Andrew Pipe, president of the CGC, said in a Sunday conference call that "we are totally prepared for the arrival of our athletes tomorrow. We have beds, and facilities are adequate."

Ninety beds have been inspected and cleared with another 30 beds waiting to be checked.

This differs greatly from a week ago when conditions of the athletes'

accommodations were deemed unacceptable, with sanitation concerns being the biggest issue.
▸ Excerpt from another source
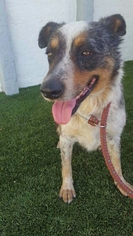 Texas Heeler Dogs for adoption in Tempe, AZ, USA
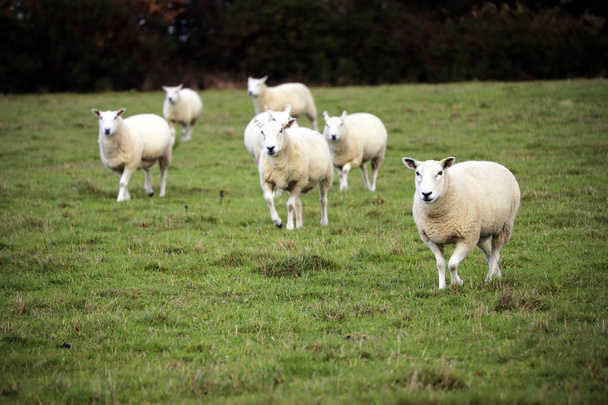 Devon owiec w polu - Zdjęcie, obraz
In response to the criticism, Indian contractors brought in extra cleaning staff to make sure the facilities were up to par by the time athletes started arriving this week.

Pipe said since then the Canadians have received building and fire safety certificates, confirmation that the elevators are working and have hired people from their own staff to guard the main entrance of the building.

However, Pipe says that some smaller participating nations like Malaysia, Botswana and countries in the Caribbean do not have the ability to send people beforehand to inspect the athletes' rooms.

"We are advocating on their behalf," said Pipe who has been receiving daily updates about the athletes' village from India. "We want to stress to the Indian organizers and the government their fundamental responsibility to ensure the safety of the games association."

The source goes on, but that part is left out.